By default, the method returns the predict label (type='label'
). In order to return a prediction probability of a +1
response value given either the logistic (log
) or modified Huber (modifiedHuber
) loss functions, set the second argument to 'probability'
.
var array = require( '@stdlib/ndarray/array' );
// Create a model with the intercept term:
var acc = incrBinaryClassification( 2, {
'loss': 'log'
});
// ...
var phat = acc.predict( array( [ 0.5, 2.0 ] ), 'probability' );
// returns <ndarray>
In order to return the linear predictor (i.e., the signed distance to the hyperplane, which is computed as the dot product between the model coefficients and the provided feature vector x
, plus the intercept), set the second argument to 'linear'
.
var array = require( '@stdlib/ndarray/array' );
// Create a model with the intercept term:
var acc = incrBinaryClassification( 2, {
'loss': 'log'
});
// ...
var lp = acc.predict( array( [ 0.5, 2.0 ] ), 'linear' );
// returns <ndarray>
Given a feature vector x = [x_0, x_1, ...]

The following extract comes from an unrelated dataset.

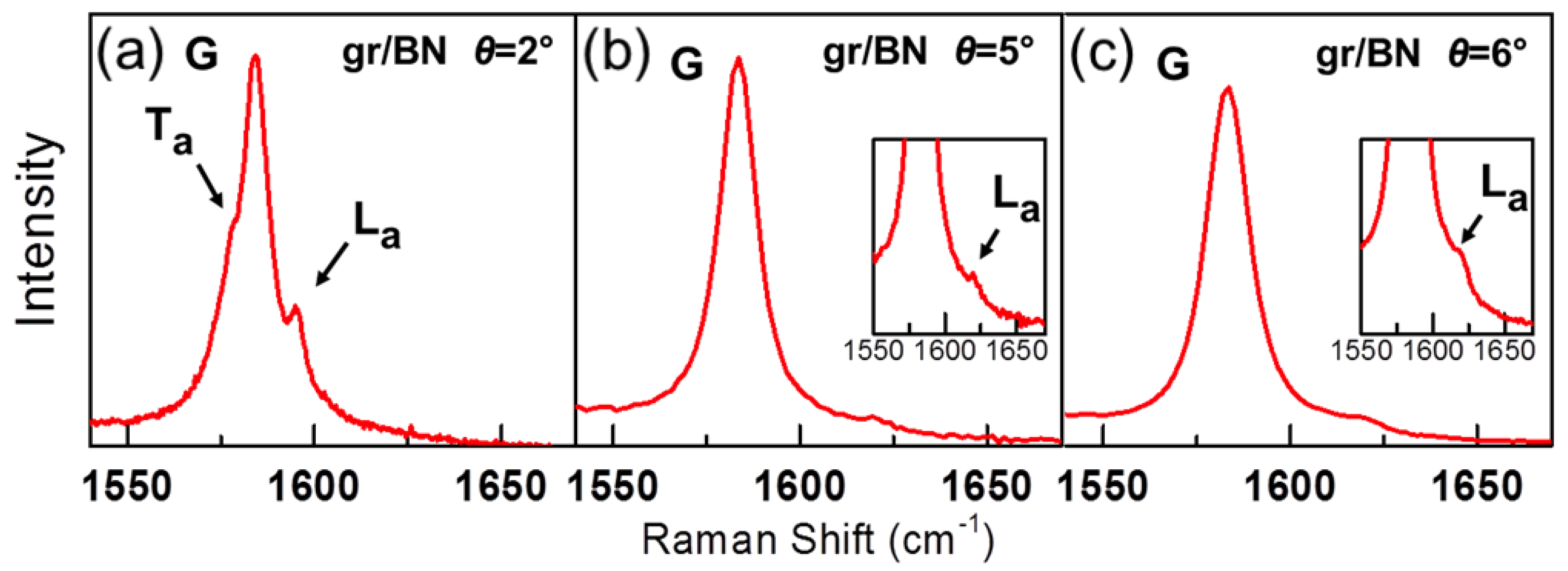 Carbon 07 00010 g008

and model coefficients c = [c_0, c_1, ...]
, the linear predictor is equal to (x_0*c_0) + (x_1*c_1) + ... + c_intercept
.
Notes
- The underlying binary classification model performs L2 regularization of model coefficients, shrinking them toward zero by penalizing their squared euclidean norm.

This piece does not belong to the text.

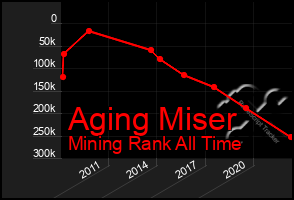 Total Graph of Aging Miser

- Stochastic gradient descent is sensitive to the scaling of the features. One is advised to either scale each feature to
[0,1]
or[-1,1]
or to transform each feature into z-scores with zero mean and unit variance. One should keep in mind that the same scaling has to be applied to training data in order to obtain accurate predictions. - In general, the more data provided to an accumulator, the more reliable the model predictions.
Examples
var normal = require( '@stdlib/random/base/normal' );
var binomial = require( '@stdlib/random/base/binomial' );
var array = require( '@stdlib/ndarray/array' );
var exp = require( '@stdlib/math/base/special/exp' );
var incrBinaryClassification = require( '@stdlib/ml/incr/binary-classification' );
// Create a new accumulator:
var acc = incrBinaryClassification( 2, {
'intercept': true,
'lambda': 1.0e-3,
'loss': 'log'
});
// Incrementally update the classification model...
var phat;
var x;
var i;
for ( i = 0; i < 10000; i++ ) {
x = array( [ normal( 0.0, 1.0 ), normal( 0.0, 1.0 ) ] );
phat = 1.0 / ( 1.0+exp( -( ( 3.0*x.get(0) ) - ( 2.0*x.get(1) ) + 1.0 ) ) );
acc( x, ( binomial( 1, phat ) ) ? 1.0 : -1.0 );
}
// Retrieve model coefficients:
var coefs = acc();
console.log( 'Feature coefficients: %d, %d', coefs.get( 0 ), coefs.get( 1 ) );
console.log( 'Intercept: %d', coefs.get( 2 ) );
// Predict new observations...
x = array( [ [ 0.9, 0.1 ], [ 0.1, 0.9 ], [ 0.9, 0.9 ] ] );
var out = acc.predict( x );
console.log( 'x = [%d, %d]; label = %d', x.get( 0, 0 ), x.get( 0, 1 ), out.get( 0 ) );
console.log( 'x = [%d, %d]; label = %d', x.get( 1, 0 ), x.get( 1, 1 ), out.get( 1 ) );
console.log( 'x = [%d, %d]; label = %d', x.get( 2, 0 ), x.get( 2, 1 ), out.get( 2 ) );
out = acc.predict( x, 'probability' );
console.log( 'x = [%d, %d]; P(y=1|x) = %d', x.get( 0, 0 ), x.get( 0, 1 ), out.get( 0 ) );
console.log( 'x = [%d, %d]; P(y=1|x) = %d', x.get( 1, 0 ), x.get( 1, 1 ), out.get( 1 ) );
console.log( 'x = [%d, %d]; P(y=1|x) = %d', x.get( 2, 0 ), x.get( 2, 1 ), out.get( 2 ) );
out = acc.predict( x, 'linear' );
console.log( 'x = [%d, %d]; lp = %d', x.get( 0, 0 ), x.get( 0, 1 ), out.get( 0 ) );
console.log( 'x = [%d, %d]; lp = %d', x.get( 1, 0 ), x.get( 1, 1 ), out.get( 1 ) );
console.log( 'x = [%d, %d]; lp = %d', x.get( 2, 0 ), x.get( 2, 1 ), out.get( 2 ) );
References
- Rosenblatt, Frank. 1957. "The Perceptron–a perceiving and recognizing automaton." 85-460-1. Buffalo, NY, USA: Cornell Aeronautical Laboratory.
- Zhang, Tong. 2004. "Solving Large Scale Linear Prediction Problems Using Stochastic Gradient Descent Algorithms." In Proceedings of the Twenty-First International Conference on Machine Learning, 116. New York, NY, USA: Association for Computing Machinery. doi:10.1145/1015330.1015332.
- Shalev-Shwartz, Shai, Yoram Singer, Nathan Srebro, and Andrew Cotter. 2011. "Pegasos: primal estimated sub-gradient solver for SVM." Mathematical Programming 127 (1): 3–30. doi:10.1007/s10107-010-0420-4.